From ea074ecb20e88dab91c08dc8aa77eb268de10585 Mon Sep 17 00:00:00 2001
From: Michail Nikolaev <michail.nikolaev@gmail.com>
Date: Sun, 23 Jan 2022 20:47:56 +0300
Subject: [PATCH v9 3/3] docs

---
 src/backend/access/nbtree/README | 35 ++++++++++++++++++++++----------
 src/backend/storage/page/README  |  8 +++++---
 2 files changed, 29 insertions(+), 14 deletions(-)

diff --git a/src/backend/access/nbtree/README b/src/backend/access/nbtree/README
index 5529afc1fe..a52936cea4 100644
--- a/src/backend/access/nbtree/README
+++ b/src/backend/access/nbtree/README
@@ -734,17 +734,30 @@ lax about how same-level locks are acquired during recovery (most kinds
 of readers could still move right to recover if we didn't couple
 same-level locks), but we prefer to be conservative here.
 
-During recovery all index scans start with ignore_killed_tuples = false
-and we never set kill_prior_tuple. We do this because the oldest xmin
-on the standby server can be older than the oldest xmin on the primary
-server, which means tuples can be marked LP_DEAD even when they are
-still visible on the standby. We don't WAL log tuple LP_DEAD bits, but
-they can still appear in the standby because of full page writes. So
-we must always ignore them in standby, and that means it's not worth
-setting them either.  (When LP_DEAD-marked tuples are eventually deleted
-on the primary, the deletion is WAL-logged.  Queries that run on a
-standby therefore get much of the benefit of any LP_DEAD setting that
-takes place on the primary.)
+There is some complexity in using LP_DEAD bits during recovery. Generally,
+bits could be set and read by scan, but there is a possibility to meet
+the bit applied on the primary. We don't WAL log tuple LP_DEAD bits, but
+they can still appear on the standby because of the full-page writes. Such
+a cause could cause MVCC failures because the oldest xmin on the standby
+server can be older than the oldest xmin on the primary server, which means
+tuples can be marked LP_DEAD even when they are still visible on the standby.
+
+To prevent such failure, we mark pages with LP_DEAD bits set by standby with a
+special flag. In the case of FPW from primary the flag is always cleared while
+applying the full page write, so, LP_DEAD received from primary is ignored on
+standby. Also, standby clears all LP_DEAD set by primary on the page before
+setting of own bits.
+
+There are restrictions on settings LP_DEAD bits by the standby related to
+minRecoveryPoint value. In case of crash recovery standby will start to process
+queries after replaying WAL to minRecoveryPoint position (some kind of rewind to
+the previous state). A the same time setting of LP_DEAD bits are not protected
+by WAL in any way. So, to mark tuple as dead we must be sure it was "killed"

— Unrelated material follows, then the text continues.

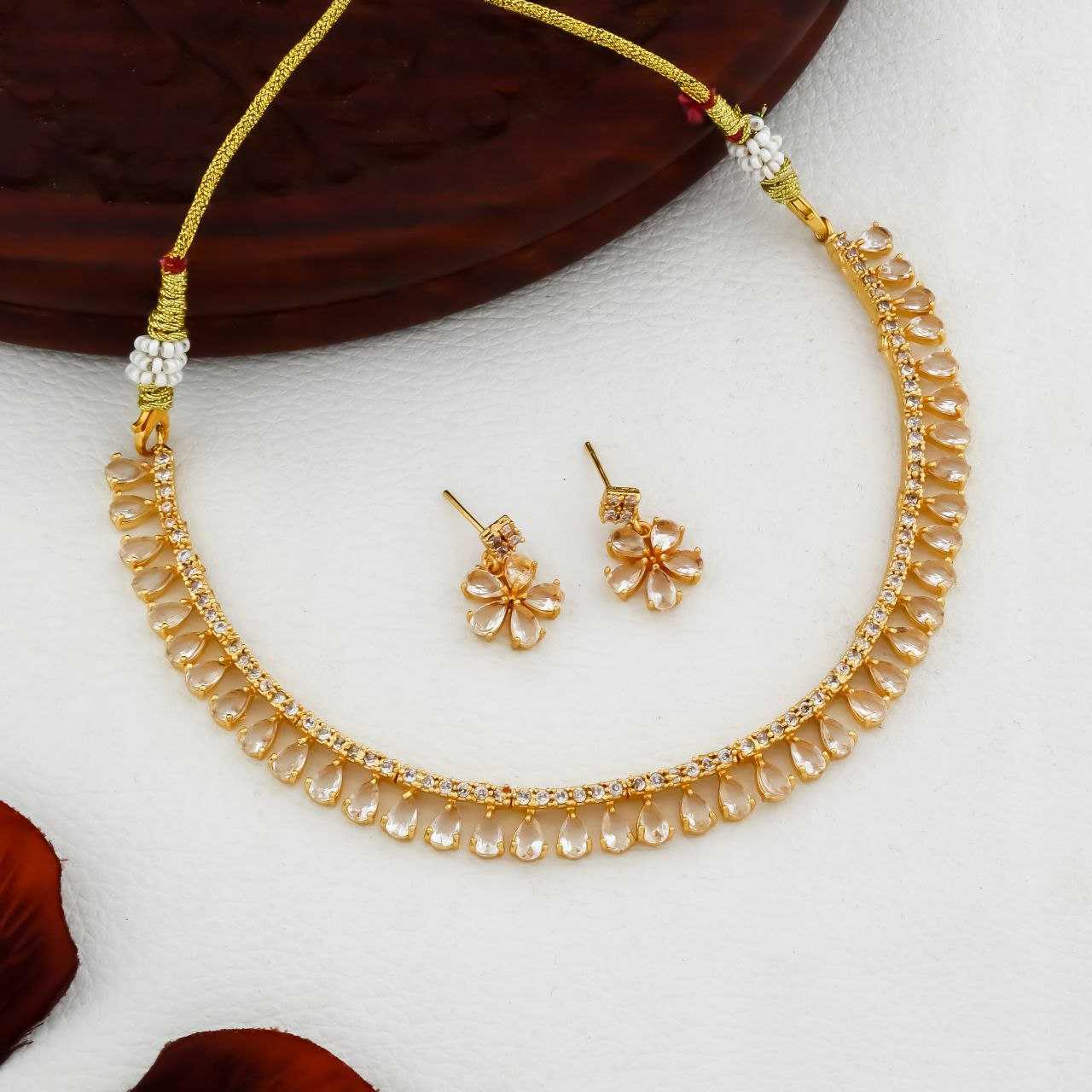 Ynf Fancy Womens Jewellery Wholesale Necklaces Set Golden Necklace Set Gold Plated Jewelry Manufacturer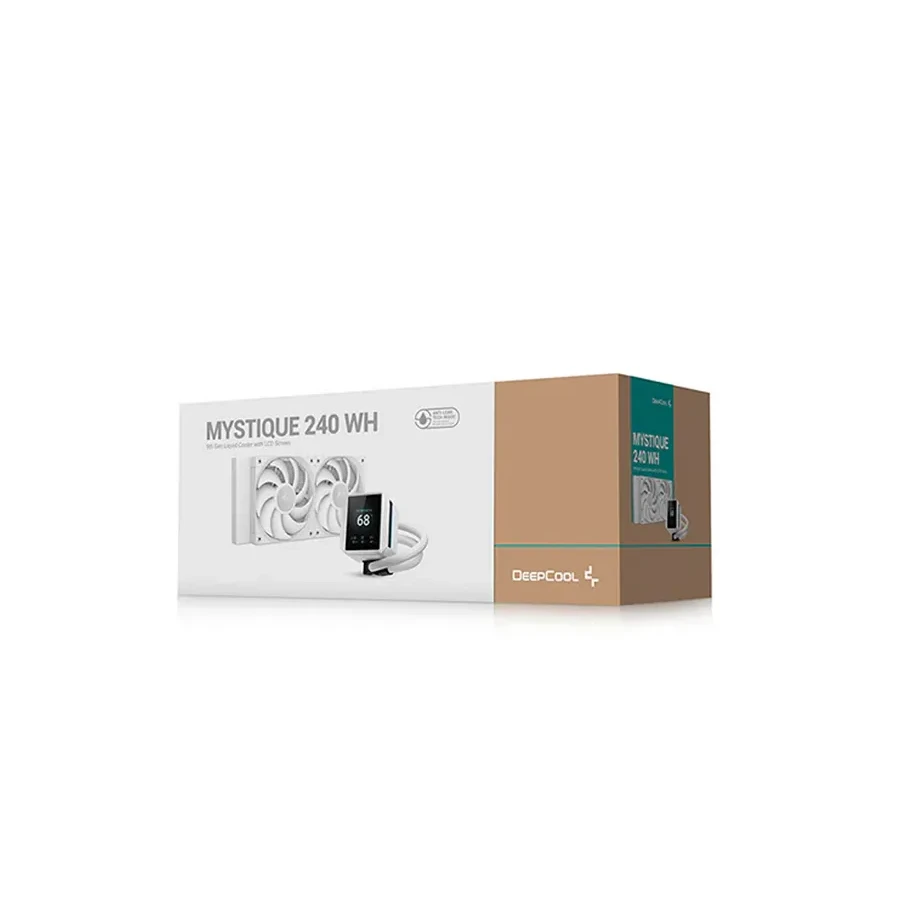 Жидкостное охлаждение Deepcool MYSTIQUE 240, 2*120mm, 280W, белое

+before minRecoveryPoint (comparing the LSN of commit record). Another valid
+option is to compare "killer" LSN with index page LSN because minRecoveryPoint
+would be moved forward when the index page flushed. Also, in some cases xid of
+"killer" is unknown - for example, tuples were cleared by XLOG_HEAP2_PRUNE.
+In that case, we compare the LSN of the heap page to index page LSN.
 
 Note that we talk about scans that are started during recovery. We go to
 a little trouble to allow a scan to start during recovery and end during
diff --git a/src/backend/storage/page/README b/src/backend/storage/page/README
index e30d7ac59a..1fd0cb29cb 100644
--- a/src/backend/storage/page/README
+++ b/src/backend/storage/page/README
@@ -59,6 +59,8 @@ even if it is a very bad thing for the user.
 New WAL records cannot be written during recovery, so hint bits set during
 recovery must not dirty the page if the buffer is not already dirty, when
 checksums are enabled.  Systems in Hot-Standby mode may benefit from hint bits
-being set, but with checksums enabled, a page cannot be dirtied after setting a
-hint bit (due to the torn page risk). So, it must wait for full-page images
-containing the hint bit updates to arrive from the primary.
+being set, but with checksums enabled, a page cannot be dirtied because setting
+a hint bit (due to the torn page risk). So, it must wait for full-page images
+containing the hint bit updates to arrive from the primary. But if the page is
+already dirty or dirtied later by WAL replay - hint bits may be flushed on
+standby. Also, as result, checksums on primary and standby could differ.
-- 
2.33.1